Please note, only GPs are permitted to add comments to articles

David Church 11 April, 2025 8:09 pm

Not entirely directly relevant, but the comment about shared care, just made me think back : GPs used to be happy to continue drugs started by consultants in hospital or OPD, and that was how we became familiar with them. We could monitor, and could easily contact Consultant for advice if any problem.
So, why are GPs not happy to start patients on things now ?
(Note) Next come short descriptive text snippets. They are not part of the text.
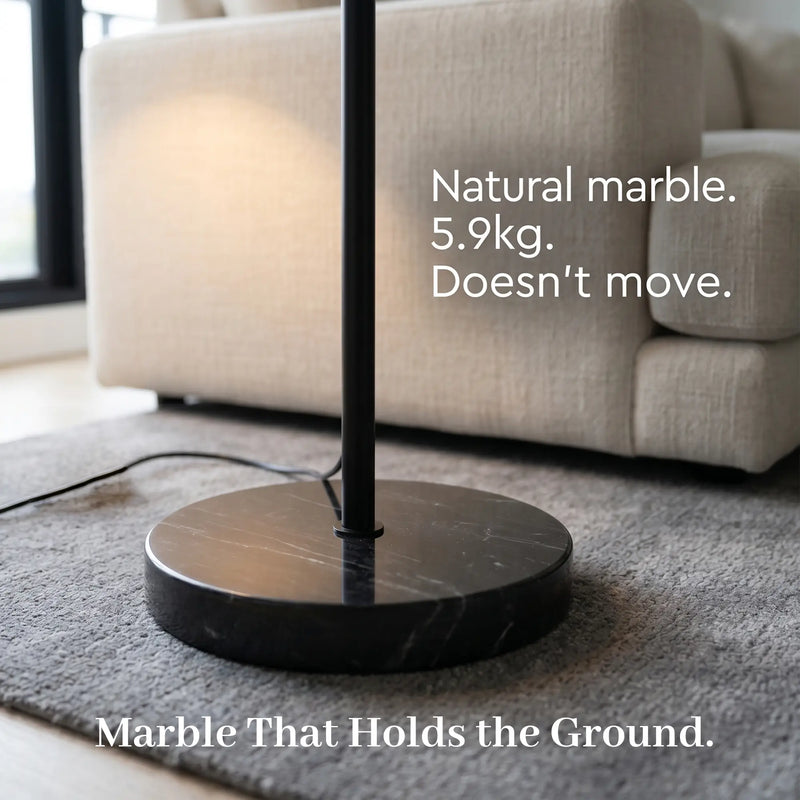 Marble floor lamp with text on a living room background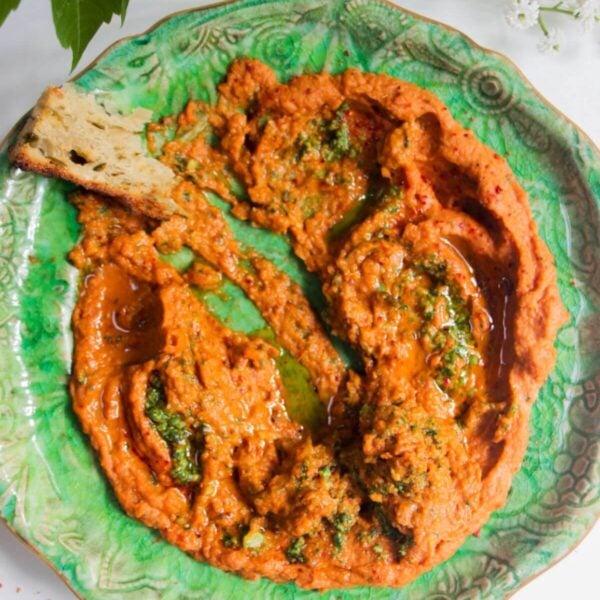 Sundried tomato basil hummus on a green plate with a piece of bread on the side.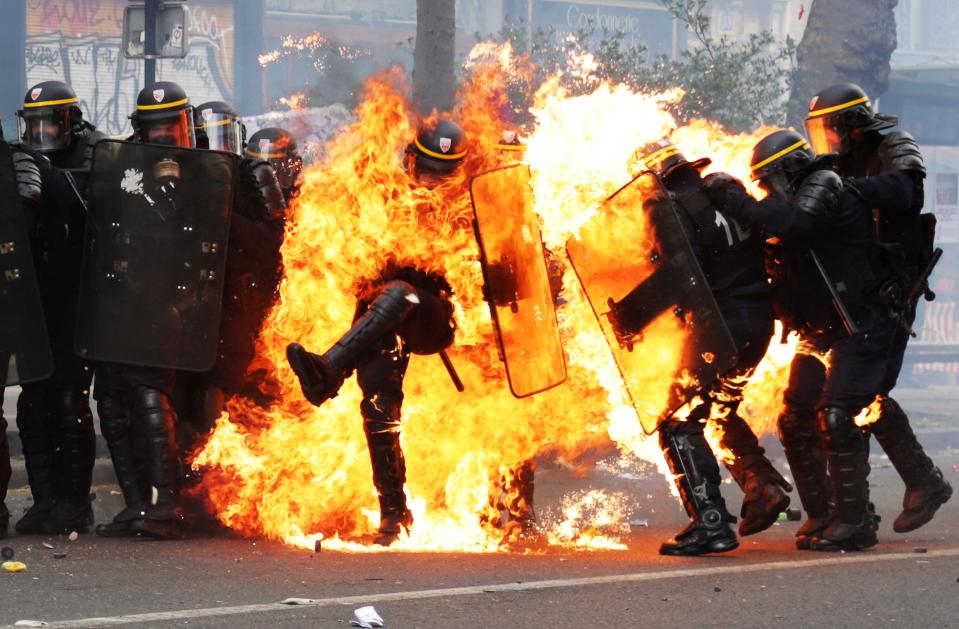  At least three officers are reported to have been injured during clashes with protesters in Paris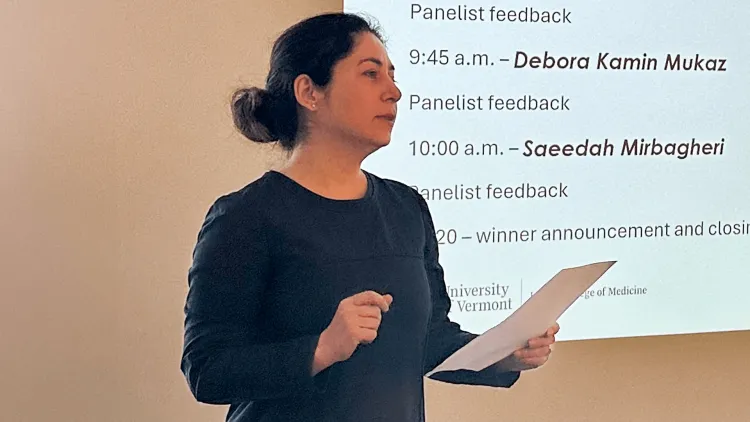 a person presenting research in front of a screen showing a slide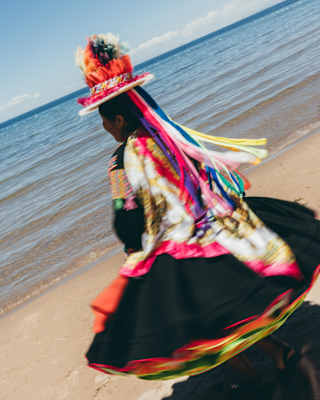 A woman in traditional dress dances on Collata Beach, her black skirt twirling and her hat streaming with bright ribbons.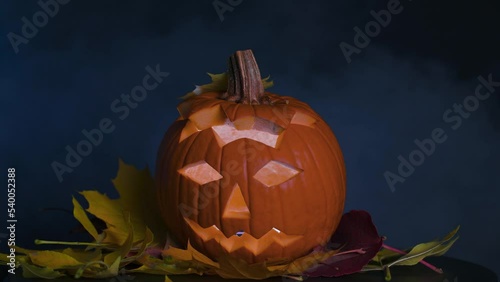 Festive pumpkin for Halloween in the form of a jack-o'-lantern, in autumn leaves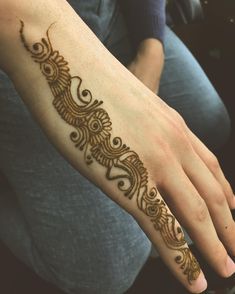 a woman's hand with a henna tattoo on it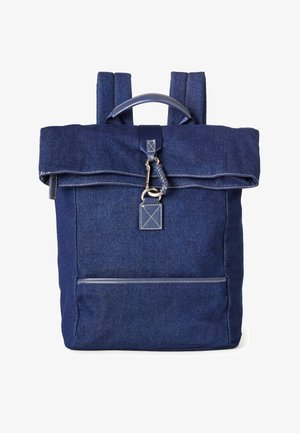 Ciemnoniebieski plecak z dżinsu z górnym uchwytem, klapą na zakładkę, metalowym zatrzaskiem oraz przednią kieszenią na suwak z widocznymi detalami szycia.
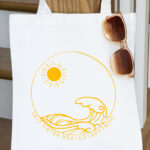 In this image, it shows one of the SVGs from the free summer SVG set. This one says salt water heals everything with the picture of waves and the sun on a tote bag.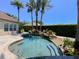 Backyard pool featuring tropical waterfall, beach entry, lush landscaping and large patio area at 2041 Gold Dust Ct, Trinity, FL 34655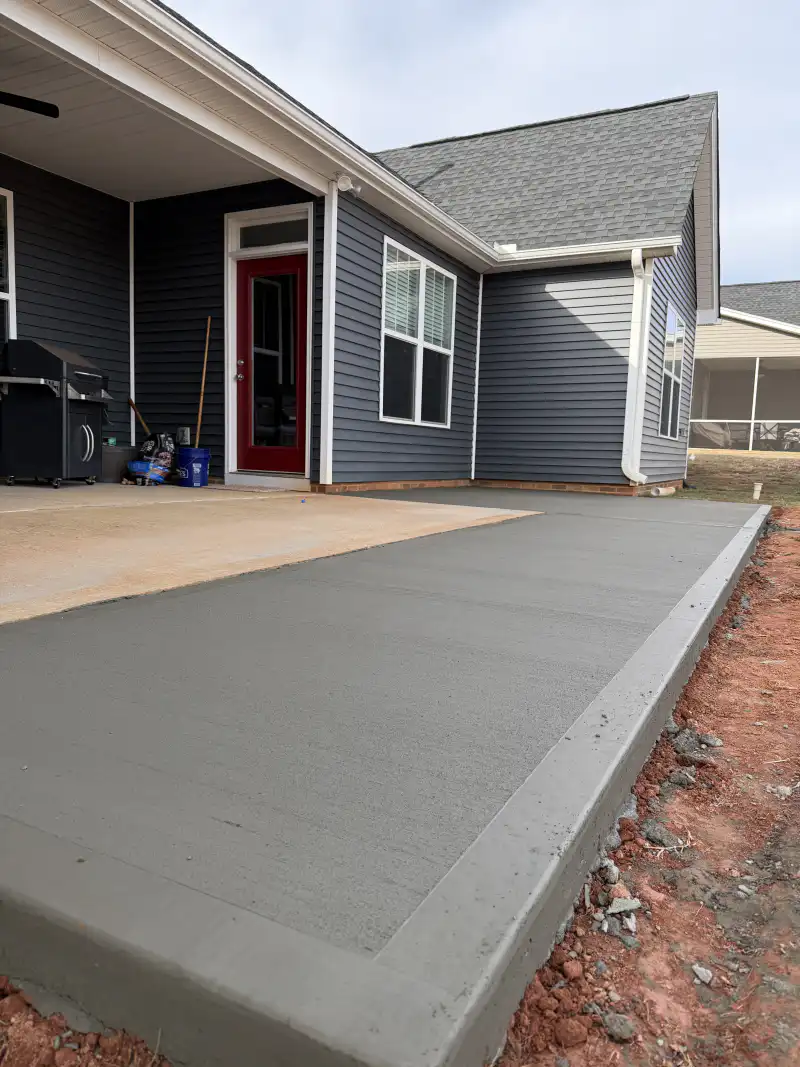 Concrete patio and outdoor living area poured by Ace Concrete Construction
Well, for a start, it is the starting something, rather than continuing it;
Then there is the who is asking – not always a Consultant after thorough medical assesment these days, but could be almost anyone at the service who has heard of something, but not necessarily any experience of using it or knowledge of monitoring needs;
Then there is the difficulty in getting access to the familiar consultant whom we trust, to get advice for a problem – which is amost impossible these days;
Then there is the knowing about necessary monitoring, for an ever increasing range of new drugs;
And the being able to do the monitoring, persuade patients to come in, have time to do it, etc;
And then there is the litigious nature of patients these days if something does go wrong;
And the fact that a lot of these things recommended are off-license; not recommended for the problem in hand, third or fourth choices in patients who have not tried the best option yet, and drugs of abuse and/or with side effects.
No, I do not wonder why GPs are reluctant;
I do wonder why anyone ever thought we would welcome this risky role!